Cuando pensamos en la minería, visualizamos de inmediato altos castilletes de hierro, explosiones y kilómetros de oscuras galerías subterráneas. Rara vez pensamos en el agua. Sin embargo, el Embalse de San Pedro, enclavado en el término municipal de Fuente Obejuna, nos demuestra que el «oro negro» del Valle del Guadiato necesitaba de grandes recursos hídricos para ser viable. Este humilde pantano no nació como un lago natural, sino como una infraestructura hidráulica de apoyo imprescindible para las explotaciones cercanas.
Para la industria contemporánea, un yacimiento de carbón carecía de valor logístico si no disponía de agua en las proximidades. El embalse funcionaba como un enorme pulmón líquido, insertándose de manera directa en la cadena de valor del sistema minero-industrial al suministrar el caudal necesario para los complejos procesos de lavado del mineral.

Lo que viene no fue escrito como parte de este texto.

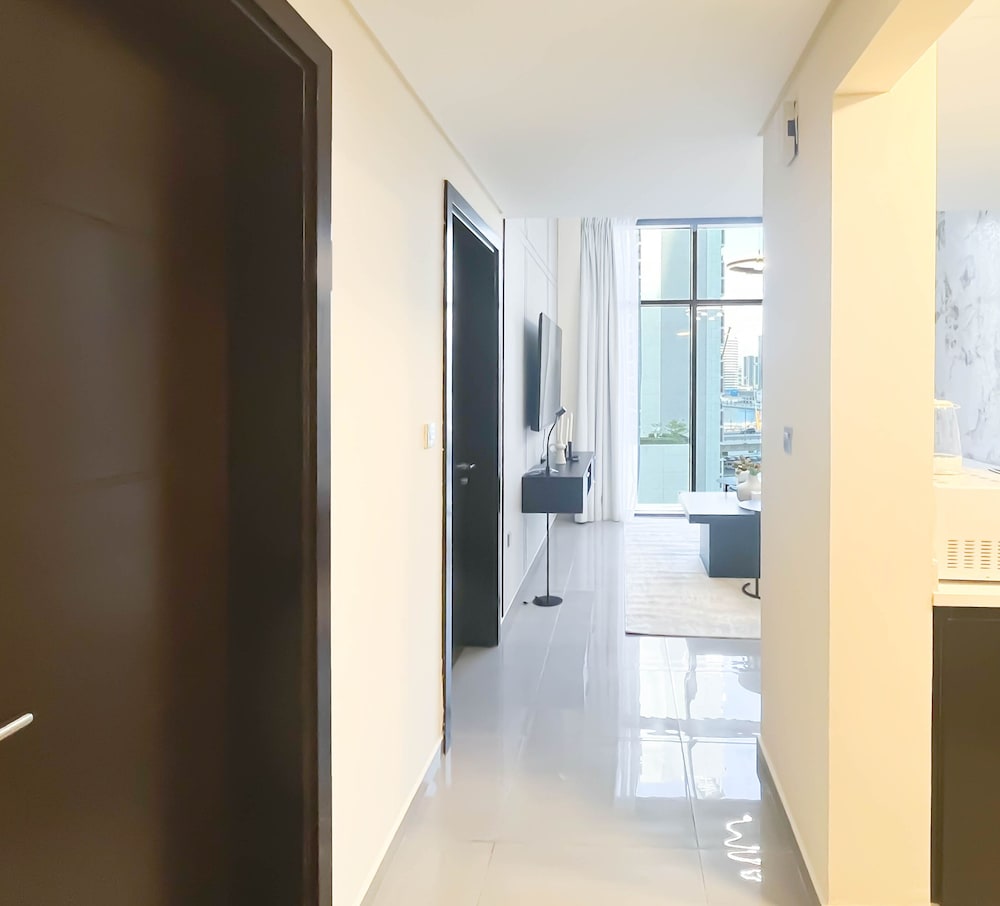 Luxury 2BR in Merano Tower Stunning City Views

El eslabón líquido de la cadena productiva
Extraer el carbón era solo la mitad del trabajo. Antes de que el material pudiera ser cargado en las vagonetas de ferrocarril o quemado en los hornos de las centrales térmicas, necesitaba someterse a un riguroso tratamiento. El agua de San Pedro se utilizaba para lavar y acondicionar el mineral, eliminando impurezas y elevando drásticamente su rentabilidad y capacidad energética. De este modo, la red hídrica se convirtió en una herramienta operativa tan crucial como los propios raíles de acero.
«El embalse nos recuerda que la minería no operaba en el vacío; transformó la geografía del valle para garantizar que a la industria nunca le faltara el agua.»
Un oasis natural con memoria obrera
Con el progresivo declive de la actividad extractiva en la cuenca carbonífera, la función original de la presa quedó obsoleta. Sin embargo, su asimilación por parte del entorno ha sido extraordinaria. En la actualidad, el lugar se presenta como un rincón silencioso donde la flora local ha reconquistado las orillas, ofreciendo al visitante una parada de lectura paisajística y descanso.
Dentro de la Ruta de los Metales, San Pedro aporta una diversidad visual muy necesaria. Funciona como una zona de transición que alivia la dureza técnica de las fundiciones y escombreras. Aquí, el turista y el investigador pueden comprender que la minería fue un sistema complejo y capilar, donde los diques y las tuberías formaron parte de una ordenación espacial integrada que alteró para siempre la rutina y el paisaje de la comarca.